To stop using pytassium use the "exit" command:
>>> exit
pytassium has a number of commands that help with exploring a dataset. First up is "sample" which returns a sample of the subjects from the data:
>>> sample
0. http://data.kasabi.com/dataset/nasa/launchsite/russia
1. http://data.kasabi.com/dataset/nasa/mission/apollo-10/role/lunar-module-pilot
2. http://data.kasabi.com/dataset/nasa/person/eugeneandrewcernan
3. http://data.kasabi.com/dataset/nasa/launchsite/tyuratambaikonurcosmodrome
4. http://data.kasabi.com/dataset/nasa/launchsite/xichang
5. http://data.kasabi.com/dataset/nasa/discipline/resupply/refurbishment/repair
6. http://data.kasabi.com/dataset/nasa/mission/apollo-10
7. http://www.bbc.co.uk/programmes/b00lg2xb#programme
8. http://data.kasabi.com/dataset/nasa/mission/apollo-11
9. http://data.kasabi.com/dataset/nasa/mission/apollo-11/role/backup-commander
You'll see that each URI is numbered. You can quickly describe that URI by typing the describe command followed by its number:
>>> describe 1
@prefix rdfs: <http://www.w3.org/2000/01/rdf-schema#> .
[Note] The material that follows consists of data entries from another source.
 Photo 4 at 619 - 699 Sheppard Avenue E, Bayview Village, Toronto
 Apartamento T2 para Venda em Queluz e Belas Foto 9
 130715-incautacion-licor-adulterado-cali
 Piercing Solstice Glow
@prefix space: <http://purl.org/net/schemas/space/> .
<http://data.kasabi.com/dataset/nasa/mission/apollo-10/role/lunar-module-pilot>
a <http://purl.org/net/schemas/space/MissionRole>;
rdfs:label "Apollo 10 Lunar Module Pilot";
space:actor <http://data.kasabi.com/dataset/nasa/person/eugeneandrewcernan>;
space:mission <http://data.kasabi.com/dataset/nasa/mission/apollo-10>;
space:role <http://data.kasabi.com/dataset/nasa/roles/lunar-module-pilot> .
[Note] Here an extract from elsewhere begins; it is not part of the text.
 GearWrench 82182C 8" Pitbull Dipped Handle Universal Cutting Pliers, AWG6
The numbers are remembered between each listing of URIs, so describe 2 will still work.
You can also describe by URI:
>>> describe <http://www.bbc.co.uk/programmes/b00lg2xb#programme>
@prefix dc: <http://purl.org/dc/elements/1.1/> .
@prefix foaf: <http://xmlns.com/foaf/0.1/> .
@prefix po: <http://purl.org/ontology/po/> .
<http://www.bbc.co.uk/programmes/b00lg2xb#programme> a <http://purl.org/ontology/po/Episode>;
dc:title "One Small Step";
po:short_synopsis "The story of Neil Armstrong and Buzz Aldrin's trip to the moon.";
foaf:primaryTopic <http://data.kasabi.com/dataset/nasa/mission/apollo-10>,
<http://data.kasabi.com/dataset/nasa/mission/apollo-11>,
<http://data.kasabi.com/dataset/nasa/person/edwineugenealdrinjr>,
<http://data.kasabi.com/dataset/nasa/person/neilaldenarmstrong>;
foaf:topic <http://data.kasabi.com/dataset/nasa/mission/apollo-10> .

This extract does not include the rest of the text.